In the prior art, when barium fluoride is thermally decomposed, a single stirring paddle is generally used for stirring materials in a reaction kettle.
However, when the stirring paddle stirs materials, intermediate materials are not easy to transfer and cannot be close to the heating position of the inner wall of the reaction kettle, so that the intermediate materials are easily heated insufficiently to influence the reaction process.
Disclosure of Invention
The utility model aims to provide a uniform heating component and a barium fluoride thermal decomposition device so as to solve the problems in the background art.
In order to achieve the above purpose, the present utility model provides the following technical solutions: the utility model provides a uniform heating subassembly, includes reation kettle inner shell and insulating sheath, is provided with first electrothermal tube in the cavity that reation kettle inner shell and insulating sheath formed, and first electrothermal tube is fixed on reation kettle inner shell outer wall, feed inlet and gas vent have been seted up to reation kettle inner shell top surface, and the discharge gate has been seted up to reation kettle inner shell bottom, and inside first pivot that is provided with of reation kettle inner shell, first pivot outside spiral winding has the second electrothermal tube, and first pivot outside cover is equipped with the connecting rod, is provided with the second pivot on the connecting rod, and the second pivot rotates relative first pivot, and the second pivot outside is fixed with the stirring piece, and the one end that the second pivot was kept away from to the stirring piece is provided with the scraper blade, and the scraper blade passes through elastic structure to be fixed at the stirring piece end.

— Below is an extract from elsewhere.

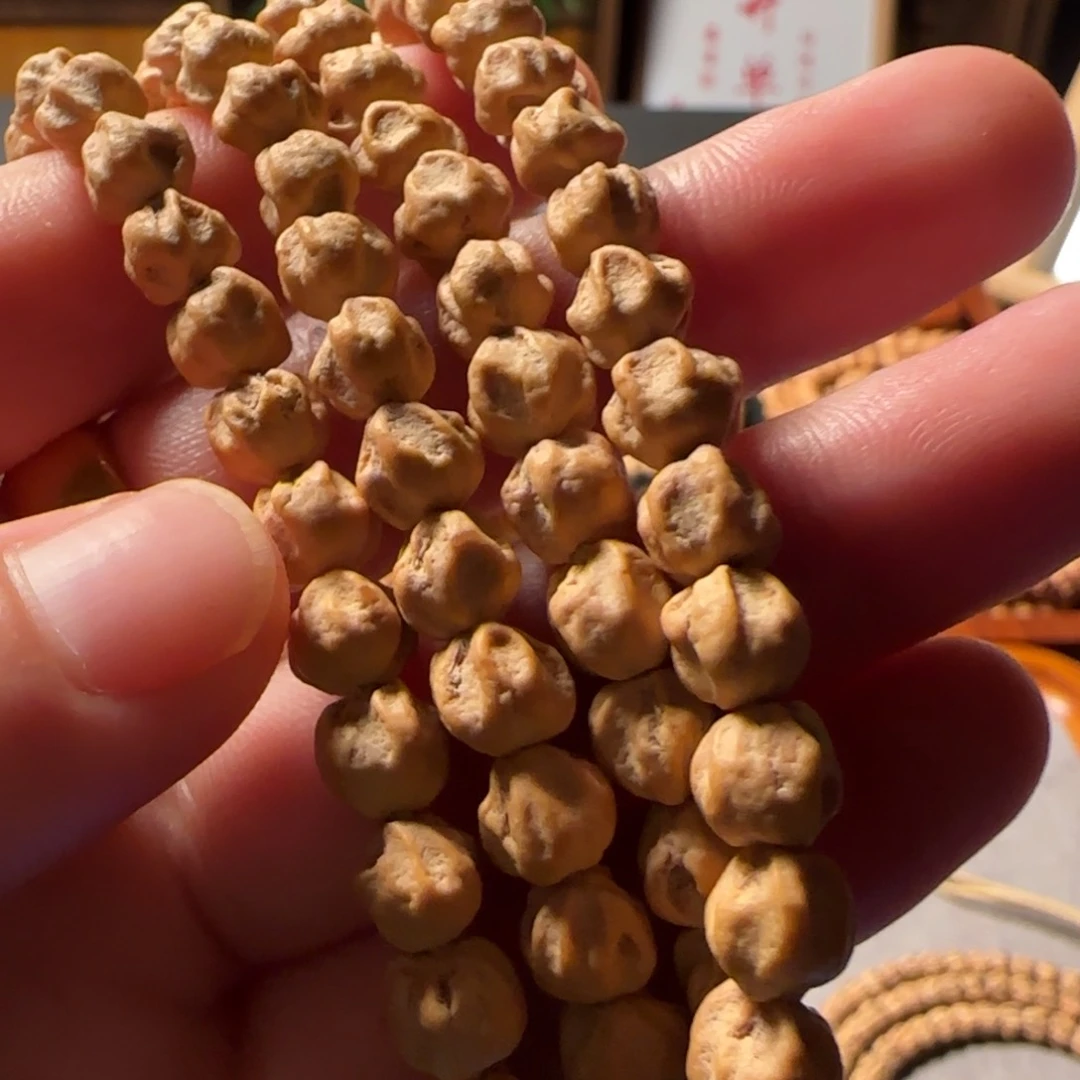 柏香籽/百香籽手串冰**?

Preferably, the top surface of the inner shell of the reaction kettle is fixed with the bottom surface of the first motor, the output end of the first motor is fixed with the top end of the first rotating shaft, a sleeve is sleeved outside the first rotating shaft, the second electric heating tube is positioned between the first rotating shaft and the sleeve, a connecting sleeve is fixedly sleeved outside the first rotating shaft, the bottom end of the connecting sleeve is fixed with the top end of the sleeve, and two groups of connecting rods are symmetrically arranged at two ends of the connecting sleeve.

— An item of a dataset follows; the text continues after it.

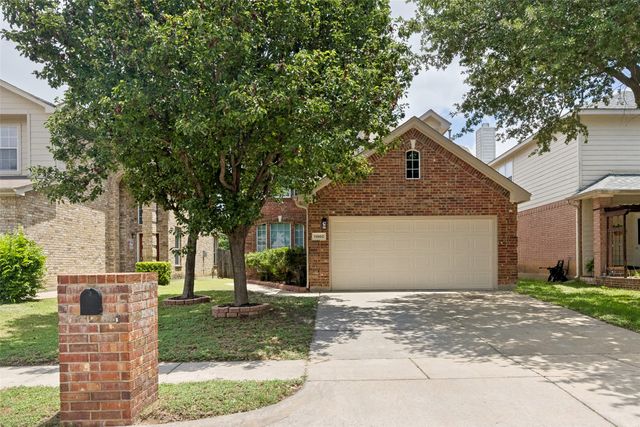 11860 Porcupine Drive, Fort Worth, TX 76244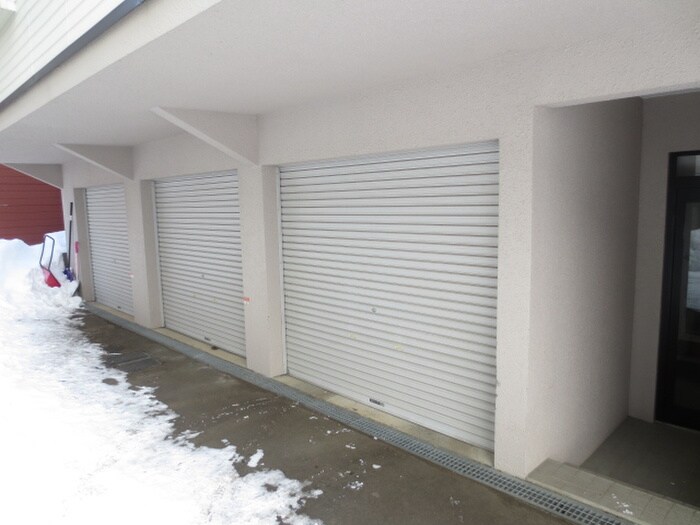 物件外観写真6　(駐車場)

Preferably, the top surface of the connecting rod is fixed with a storage battery, the storage battery is connected with a second motor, the bottom end of the second motor is fixed with the top surface of the connecting rod, the output end of the second motor is fixed with the top end of the second rotating shaft, and the stirring piece consists of four groups of stirring plates which are symmetrically arranged.
Preferably, the stirring piece is equipped with four groups, and the stirring board lateral wall in two upper and lower groups stirring piece is all seted up flutedly, is provided with the spring in the recess, and spring one end is fixed with the recess inner wall, and one end is fixed with the connecting block, and the one end that the spring was kept away from to the connecting block is fixed with the scraper blade, and the scraper blade is fixed by two sets of parallel connecting blocks.

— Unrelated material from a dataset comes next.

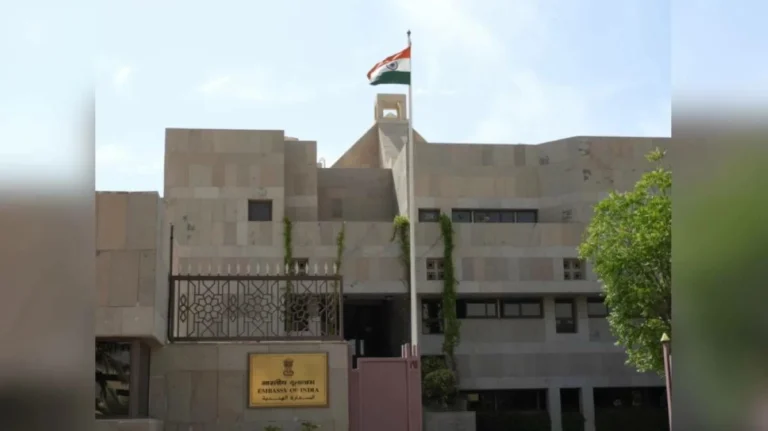 UAE: Indian embassy issues warning against fraudulent visa agencies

Preferably, the rotating speed of the second motor is greater than that of the first motor, and the distance from the center of the second rotating shaft to the inner wall of the inner shell of the reaction kettle closest to the second rotating shaft is equal to the distance from the center of the second rotating shaft to the outer wall of the connecting sleeve.
A barium fluoride thermal decomposition apparatus wherein the above-described uniform heating assembly is used.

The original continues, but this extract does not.